If I now tell you that

`A leads to C`

it wouldn’t really help you. However, the algorithm I presented last time didn’t address this issue. It simply added a good number (though, luckily, not all possible) binary clauses that were totally redundant.

The trick of adding binary clauses is, then, to add as little as possible to achieve maximal graph connectivity. And, while we are at it, we can of course remove all redundant information like the one I presented above. Neither of these two are easy. I use the Monte-Carlo method to approximate the degree of vertexes for the first algorithm, and then sort vertexes according to their degrees when adding binary clauses. The second algorithm just needs a bit of imagination and a will to draw graphs on a piece of paper.
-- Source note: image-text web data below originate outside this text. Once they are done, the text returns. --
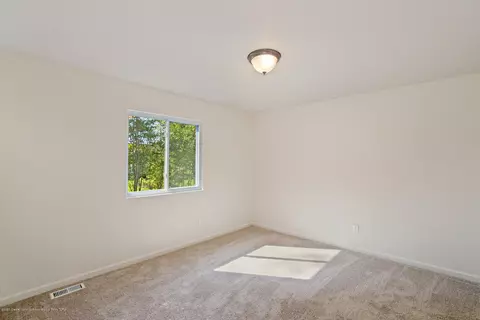236 Noleigh Ln, Dewitt, MI 48820 photo 16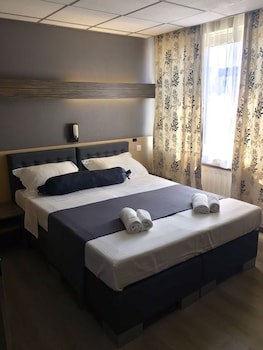 Ares Budget Hotel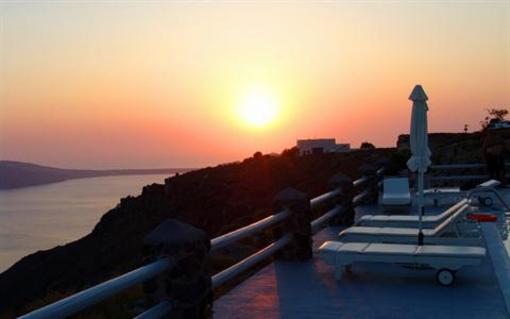 фото отеля Oia Suites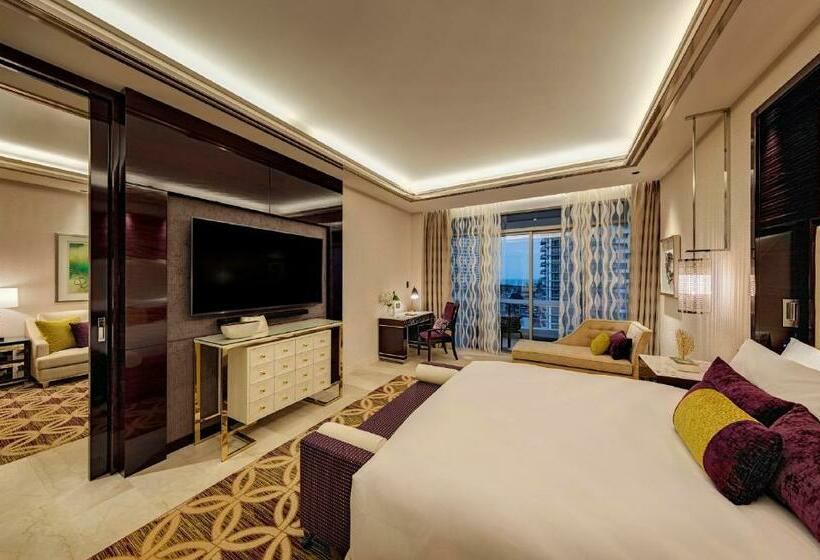 스위트 킹사이즈 침대, The Darling At The Star Gold Coast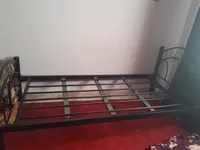 تخت مستعمل للبيع في الأردن : سرير تخت مفرد للبيع : تخت ابيض مفرد | السوق  المفتوح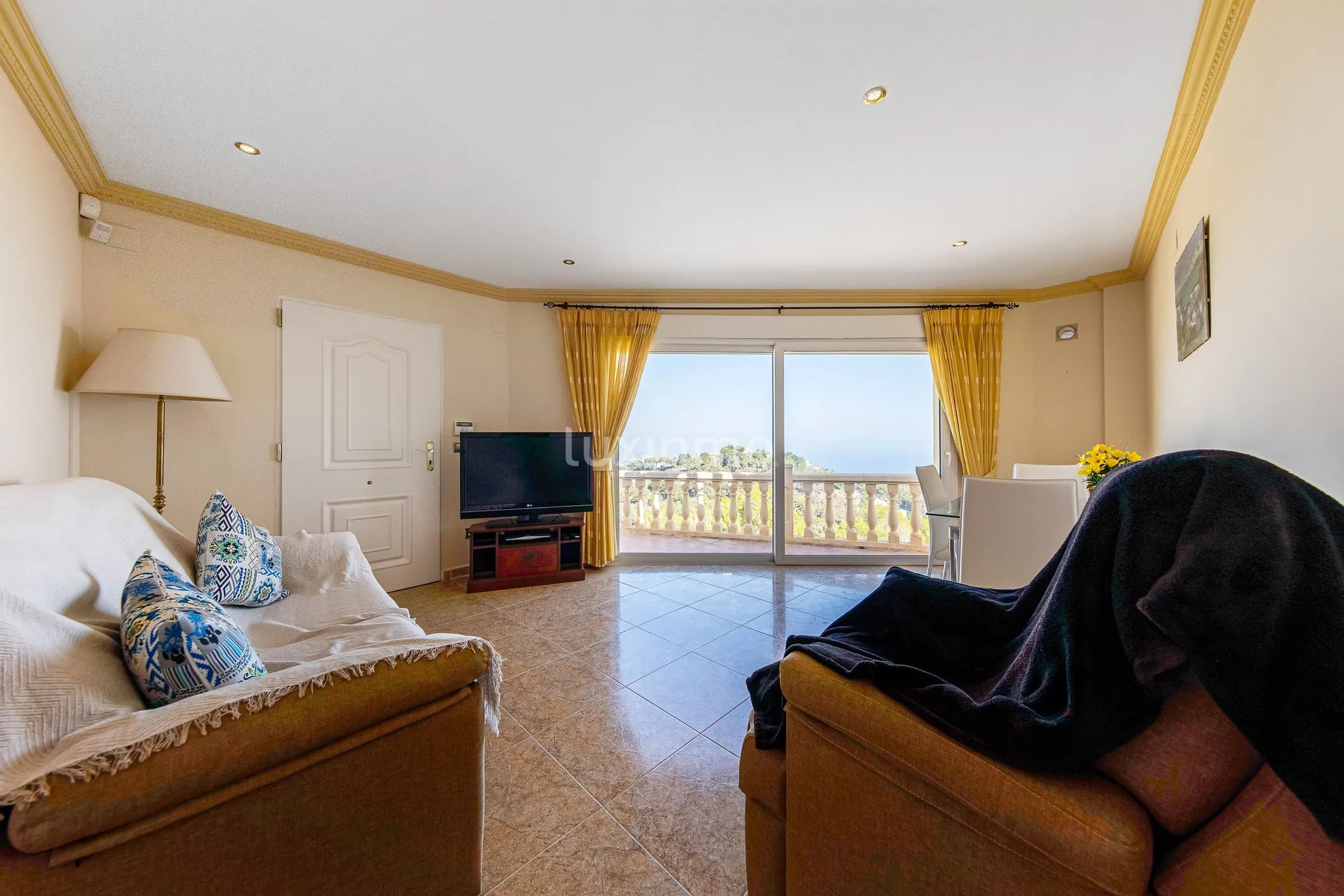 Large villa for sale in Moraira with spectacular sea views — photo 13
So, there is a point in being dumb: without the hands-on knowledge how binary clauses negatively affect problem solving, I would never have thought of developing such algorithms. The final algorithms take ~3-4 seconds to complete, add (fairly close to) the minimum number of clauses, remove all redundant clauses, and work like a charm.

There is only one thing to understand now: why does Armin Biere add hundreds of thousands of binary clauses? I seem to be able to achieve the same effect in a couple of thousand… Again, I must be dumb, and he must be doing something right. I am lost, again :(

EDITED TO ADD: You might enjoy this plot of PrecoSat236 vs. CryptoMiniSat 2.5.0beta1 on the SAT Competition instances of 2009.

# I must be dumb

Apparently, hyper-binary resolution is not easy. However, I have been reading the paper by Gershman and Strichman, and they make it sound like it’s the easiest thing of all — especially if you don’t do it the way they are doing it, of course.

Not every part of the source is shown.